Travis volcó el contenido sobre el sofá. Había un lápiz de labios, un espejo, una polvera, una billetera, cigarrillos, un encendedor. Abrió la billetera. Contenía dos billetes de diez dólares, un dólar suelto, algunas monedas, un carnet de seguridad social a nombre de Betty Garner, un permiso de conducir al mismo nombre, con domicilio en la calle Praire, 1822 Oeste, Union City, Illinois.
—Así que usted se llama Betty, ¿eh? Betty Garner. Bonito nombre.
—Usted se cree muy sagaz —dijo ella cruzando sus bien modeladas piernas y mirando en otra dirección.
—Betty —repitió él lentamente—. Alguien la interrogará tarde o temprano. ¿Cómo es posible que una muchacha como usted haya podido mezclarse en este asunto?
—Gracias por el cumplido. Me abstengo de hacer comentarios.
—¿Cuánto paga Dutch McCoy para eliminarme?
Ella le miró con expresión divertida.
—¿Eliminarle? Vaya una palabra rara. Hace años que no oigo un término semejante. ¿No le parece que es un poco melodramático?
Travis examinó el permiso de conducir.
—Usted trata de parecer mayor, pero aquí dice que tiene sólo veintidós años. ¿Qué clase de padres tiene, Betty, que le permitieron meterse en un lío tan grande?
—Por favor, no mezcle en esto a mis padres.
—Un punto flaco, ¿eh?
Travis sacó una libretita del bolsillo superior de su chaqueta, la abrió por una página en blanco, se acercó a la joven y comenzó a dibujar. Al principio ella no le prestó atención; pero luego echó una mirada, en el momento en que Travis terminaba de dibujar un círculo apoyado en la parte superior de una cruz, en el interior del cual estaba escrito: «23X».

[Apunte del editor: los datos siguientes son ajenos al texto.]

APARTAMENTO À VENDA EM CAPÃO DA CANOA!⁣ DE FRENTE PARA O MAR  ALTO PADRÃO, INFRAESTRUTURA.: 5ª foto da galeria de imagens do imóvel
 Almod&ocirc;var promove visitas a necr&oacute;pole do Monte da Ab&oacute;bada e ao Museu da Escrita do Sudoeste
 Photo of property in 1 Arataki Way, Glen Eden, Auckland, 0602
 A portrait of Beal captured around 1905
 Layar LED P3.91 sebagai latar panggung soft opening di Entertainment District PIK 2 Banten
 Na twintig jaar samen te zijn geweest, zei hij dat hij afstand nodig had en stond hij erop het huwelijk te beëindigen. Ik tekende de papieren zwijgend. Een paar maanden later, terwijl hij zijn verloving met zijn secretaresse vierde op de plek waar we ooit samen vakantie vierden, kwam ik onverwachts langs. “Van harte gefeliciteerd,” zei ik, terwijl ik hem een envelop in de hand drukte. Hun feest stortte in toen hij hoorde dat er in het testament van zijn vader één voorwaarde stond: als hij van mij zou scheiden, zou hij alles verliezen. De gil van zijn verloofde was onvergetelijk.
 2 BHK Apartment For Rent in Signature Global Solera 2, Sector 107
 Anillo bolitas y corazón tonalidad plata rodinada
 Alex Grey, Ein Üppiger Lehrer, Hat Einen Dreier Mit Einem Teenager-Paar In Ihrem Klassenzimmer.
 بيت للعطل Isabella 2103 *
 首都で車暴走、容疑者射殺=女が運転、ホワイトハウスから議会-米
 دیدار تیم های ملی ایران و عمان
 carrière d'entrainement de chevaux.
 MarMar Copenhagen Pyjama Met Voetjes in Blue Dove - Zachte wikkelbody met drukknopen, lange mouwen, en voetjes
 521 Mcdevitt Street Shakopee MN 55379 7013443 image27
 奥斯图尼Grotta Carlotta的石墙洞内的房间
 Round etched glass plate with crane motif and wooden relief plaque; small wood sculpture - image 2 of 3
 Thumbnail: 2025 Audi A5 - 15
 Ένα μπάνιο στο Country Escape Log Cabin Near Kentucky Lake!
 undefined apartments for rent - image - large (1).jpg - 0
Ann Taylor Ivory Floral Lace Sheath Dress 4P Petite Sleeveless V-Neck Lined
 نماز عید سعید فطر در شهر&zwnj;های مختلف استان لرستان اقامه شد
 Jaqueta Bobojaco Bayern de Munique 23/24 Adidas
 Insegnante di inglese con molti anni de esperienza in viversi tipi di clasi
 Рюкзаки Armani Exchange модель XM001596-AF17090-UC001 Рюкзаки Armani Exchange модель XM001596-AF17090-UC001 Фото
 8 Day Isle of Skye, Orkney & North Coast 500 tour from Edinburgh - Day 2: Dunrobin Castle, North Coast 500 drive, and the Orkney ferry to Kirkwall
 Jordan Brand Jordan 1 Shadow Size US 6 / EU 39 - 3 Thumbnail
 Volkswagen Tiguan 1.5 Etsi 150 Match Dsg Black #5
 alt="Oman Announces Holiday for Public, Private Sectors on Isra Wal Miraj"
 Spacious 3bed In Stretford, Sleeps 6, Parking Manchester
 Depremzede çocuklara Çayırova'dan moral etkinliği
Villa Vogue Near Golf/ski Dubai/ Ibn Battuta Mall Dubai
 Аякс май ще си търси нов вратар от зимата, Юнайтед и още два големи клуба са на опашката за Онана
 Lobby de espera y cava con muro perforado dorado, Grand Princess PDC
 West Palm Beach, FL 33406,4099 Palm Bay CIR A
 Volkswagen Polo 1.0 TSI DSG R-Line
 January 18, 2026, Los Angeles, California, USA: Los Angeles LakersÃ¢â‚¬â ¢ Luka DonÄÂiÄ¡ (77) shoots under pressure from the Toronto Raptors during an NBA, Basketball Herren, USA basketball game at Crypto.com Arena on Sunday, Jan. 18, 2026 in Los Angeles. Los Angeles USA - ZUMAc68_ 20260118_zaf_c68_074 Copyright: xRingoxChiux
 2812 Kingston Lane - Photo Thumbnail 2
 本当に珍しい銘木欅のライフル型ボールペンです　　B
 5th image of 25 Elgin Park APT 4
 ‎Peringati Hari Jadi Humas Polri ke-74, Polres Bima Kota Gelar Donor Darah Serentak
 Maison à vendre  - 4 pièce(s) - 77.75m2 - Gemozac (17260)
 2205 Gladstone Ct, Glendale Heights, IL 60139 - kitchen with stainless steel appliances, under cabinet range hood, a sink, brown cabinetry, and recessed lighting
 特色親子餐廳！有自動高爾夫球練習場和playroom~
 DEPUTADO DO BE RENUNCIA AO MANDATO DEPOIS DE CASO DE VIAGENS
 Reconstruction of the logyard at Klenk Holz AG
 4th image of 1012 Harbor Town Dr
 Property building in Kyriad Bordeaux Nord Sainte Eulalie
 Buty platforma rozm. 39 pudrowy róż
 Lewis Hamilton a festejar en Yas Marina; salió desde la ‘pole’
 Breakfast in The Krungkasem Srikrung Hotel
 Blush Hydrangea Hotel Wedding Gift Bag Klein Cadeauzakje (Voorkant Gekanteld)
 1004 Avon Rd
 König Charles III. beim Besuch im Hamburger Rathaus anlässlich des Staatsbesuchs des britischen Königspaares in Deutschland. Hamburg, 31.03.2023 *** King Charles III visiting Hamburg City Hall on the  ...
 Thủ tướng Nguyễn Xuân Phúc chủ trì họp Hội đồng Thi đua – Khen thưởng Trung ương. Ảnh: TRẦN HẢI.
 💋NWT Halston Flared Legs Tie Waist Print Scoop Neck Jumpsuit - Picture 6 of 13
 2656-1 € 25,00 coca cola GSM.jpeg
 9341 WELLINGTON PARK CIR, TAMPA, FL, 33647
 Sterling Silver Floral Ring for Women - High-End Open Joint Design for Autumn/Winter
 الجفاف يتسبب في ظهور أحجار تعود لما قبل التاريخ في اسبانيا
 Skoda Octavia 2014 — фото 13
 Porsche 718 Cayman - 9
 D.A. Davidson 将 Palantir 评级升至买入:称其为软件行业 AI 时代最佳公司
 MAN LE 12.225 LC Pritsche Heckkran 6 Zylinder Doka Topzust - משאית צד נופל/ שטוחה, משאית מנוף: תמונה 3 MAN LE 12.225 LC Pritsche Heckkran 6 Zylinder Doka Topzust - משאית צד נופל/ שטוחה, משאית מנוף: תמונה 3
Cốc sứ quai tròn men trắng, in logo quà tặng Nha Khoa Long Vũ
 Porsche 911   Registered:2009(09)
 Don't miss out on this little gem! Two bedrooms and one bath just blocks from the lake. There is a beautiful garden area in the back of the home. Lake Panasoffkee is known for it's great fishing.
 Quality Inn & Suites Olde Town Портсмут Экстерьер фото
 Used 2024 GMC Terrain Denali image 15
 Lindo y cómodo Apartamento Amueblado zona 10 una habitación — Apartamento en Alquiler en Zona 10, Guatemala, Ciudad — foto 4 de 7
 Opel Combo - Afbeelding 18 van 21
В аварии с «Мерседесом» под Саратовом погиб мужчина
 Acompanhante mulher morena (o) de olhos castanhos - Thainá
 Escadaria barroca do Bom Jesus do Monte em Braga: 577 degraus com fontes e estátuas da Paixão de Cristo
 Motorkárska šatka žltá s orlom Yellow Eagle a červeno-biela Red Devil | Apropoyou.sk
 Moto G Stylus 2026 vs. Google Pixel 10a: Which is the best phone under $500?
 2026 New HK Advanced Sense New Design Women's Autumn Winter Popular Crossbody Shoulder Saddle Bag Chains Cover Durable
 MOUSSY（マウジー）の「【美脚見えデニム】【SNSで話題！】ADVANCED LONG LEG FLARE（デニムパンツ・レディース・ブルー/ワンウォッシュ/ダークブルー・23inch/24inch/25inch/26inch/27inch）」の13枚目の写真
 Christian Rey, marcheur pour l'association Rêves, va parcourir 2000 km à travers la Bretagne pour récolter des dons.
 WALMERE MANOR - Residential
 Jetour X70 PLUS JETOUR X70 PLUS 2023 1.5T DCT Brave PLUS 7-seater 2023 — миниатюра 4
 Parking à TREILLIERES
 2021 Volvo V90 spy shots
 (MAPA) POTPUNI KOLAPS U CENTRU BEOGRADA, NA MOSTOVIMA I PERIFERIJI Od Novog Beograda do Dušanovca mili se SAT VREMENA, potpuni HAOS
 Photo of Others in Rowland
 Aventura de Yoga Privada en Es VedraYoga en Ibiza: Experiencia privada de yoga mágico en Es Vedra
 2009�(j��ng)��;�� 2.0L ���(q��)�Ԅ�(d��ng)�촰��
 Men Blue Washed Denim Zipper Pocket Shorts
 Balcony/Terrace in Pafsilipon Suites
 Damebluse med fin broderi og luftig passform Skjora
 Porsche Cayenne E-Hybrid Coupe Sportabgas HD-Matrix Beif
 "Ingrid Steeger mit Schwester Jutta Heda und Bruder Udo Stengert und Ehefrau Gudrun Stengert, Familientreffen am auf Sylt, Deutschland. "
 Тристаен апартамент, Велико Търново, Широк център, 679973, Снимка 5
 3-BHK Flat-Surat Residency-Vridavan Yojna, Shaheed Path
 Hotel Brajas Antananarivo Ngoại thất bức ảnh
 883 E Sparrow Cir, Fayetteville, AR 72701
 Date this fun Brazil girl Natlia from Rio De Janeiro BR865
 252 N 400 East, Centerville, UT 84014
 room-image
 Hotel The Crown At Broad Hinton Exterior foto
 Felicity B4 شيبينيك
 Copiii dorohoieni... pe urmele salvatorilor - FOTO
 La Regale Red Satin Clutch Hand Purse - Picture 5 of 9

Ella le arrebató la libreta y rompió la hoja. Había temor en su mirada. Su rostro estaba pálido; tenía los ojos muy abiertos y la respiración muy agitada.
—¿Qué es lo que usted sabe? —le preguntó la joven, horrorizada.
—Bastante.
Ella se mordía el labio superior. Le miraba muy preocupada mientras en su mano crujía el arrugado papel.
—Usted no puede saberlo —dijo la muchacha en voz baja.
—¿No? ¿Por qué? —preguntó Travis, sonriendo maliciosamente.
—Si lo supiera no estaría ahí sentado —replicó ella.
—¿Dónde estaría entonces?
La rodeó con el brazo.
—Oh, no lo sé. —Ella se llevó la mano a la frente—. Déjeme pensarlo. Usted…, usted me hizo poner nerviosa.
—¿Yo la he puesto nerviosa? —sonrió Travis—. Usted me ha puesto nervioso a mí. Primero en el hospital, luego en la calle y ahora aquí, en mi apartamento. ¡Y usted cree que soy yo el causante de sus nervios!